One of the most important trends in US education at the end of 2014 is the resistance to large scale end of year assessment. Combined with concerns about higher standards, incoherent federal policy, and privacy, the anti-testing vitriol reached new levels this year. A new report suggests a positive (but not simple) end to this story.

With echos of a March report on the Opportunity to Lead and shades of Fullan and Hammond, Wilhoit, and Pittenger, a new report by Sir Michael Barber and Dr. Peter Hill outlined six key features of the education revolution:

  • Capacity to learn: Practices that build on prior learning and reflect a belief in the potential for all students to learn and achieve high standards, given high expectations, motivation and sufficient time and support
  • Curriculum: A greater emphasis on deeper learning of big ideas and more explicit and systematic attention to cross-curricular and 21st century skills
  • Policy: The student as the focus of educational policy and concerted attention to personalized learning (see recent iNACOL summary of student-centered policy)
  • Opportunity to learn: Students able to progress at different rates and with time and support varied to meet individual needs; increased access to care and education to better align with the realities of modern living and working; greater use of the home, the community and other settings as contexts for 24/7 learning
  • Teaching: Increasing reliance on sophisticated tutor/online instruction with greater differentiation in educator roles and the creation of learning partnerships between and among students, teachers and families, with the teacher as the ‘activator’
  • Teacher quality: Teaching as a true profession with a distinctive knowledge base, a framework for teaching with well-defined common terms for describing and analyzing teaching and strict control by the profession itself on entry into the profession.

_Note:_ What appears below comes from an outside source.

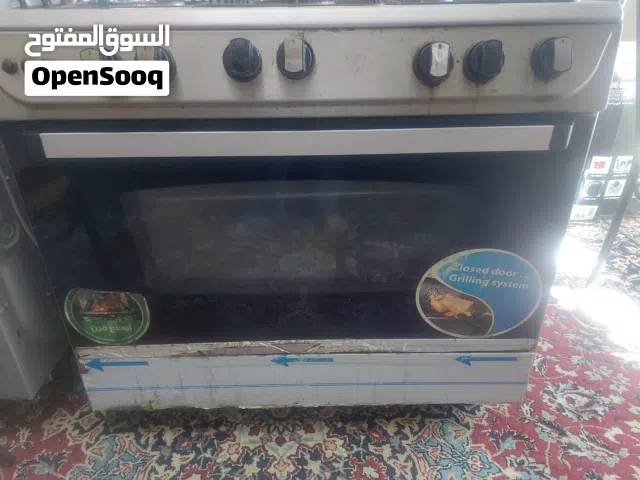 غاز ستانلس ستيل 5 عيون حجم كبير - فرن ممتاز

The report, Preparing for a Renaissance in Assessment, is critical of current testing regimes for focusing on a narrow set of low level skills. They criticize an over-reliance on grades that reveal little about what the student can do and call for “validated learning progressions” with efficient processes for collecting and analyzing data and easy-to-use assessment tools.

In contrast to current state testing systems, Barber and Hill suggest assessment should:

  • Accommodate the full range of student abilities
  • Provide meaningful information on learning outcomes
  • Accommodate the full range of valued outcomes
  • Support students and teachers in making use of ongoing feedback to personalize instruction and improve learning and teaching
  • Have integrity and that are used in ways that motivate improvement efforts and minimize opportunities for cheating and ‘gaming’ the system.

New technology can help in each of these areas. Barber and Hill recommend the use of adaptive testing to generate more accurate estimates of student abilities across the full range of achievement while reducing testing time.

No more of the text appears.